Items from a dataset
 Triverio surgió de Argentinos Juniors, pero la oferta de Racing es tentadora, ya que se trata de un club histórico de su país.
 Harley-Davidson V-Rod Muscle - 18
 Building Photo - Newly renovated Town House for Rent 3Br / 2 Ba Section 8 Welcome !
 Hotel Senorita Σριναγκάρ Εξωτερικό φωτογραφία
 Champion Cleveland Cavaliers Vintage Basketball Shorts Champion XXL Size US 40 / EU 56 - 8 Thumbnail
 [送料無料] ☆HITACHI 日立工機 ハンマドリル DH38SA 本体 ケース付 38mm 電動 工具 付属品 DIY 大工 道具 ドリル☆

### WHAT THE TASK ASKS
An exact copy of the lines from the one containing "Hotel Senorita Σριναγκάρ" through the end of the data above is the whole answer.

### YOUR SOLUTION
 Hotel Senorita Σριναγκάρ Εξωτερικό φωτογραφία
 Champion Cleveland Cavaliers Vintage Basketball Shorts Champion XXL Size US 40 / EU 56 - 8 Thumbnail
 [送料無料] ☆HITACHI 日立工機 ハンマドリル DH38SA 本体 ケース付 38mm 電動 工具 付属品 DIY 大工 道具 ドリル☆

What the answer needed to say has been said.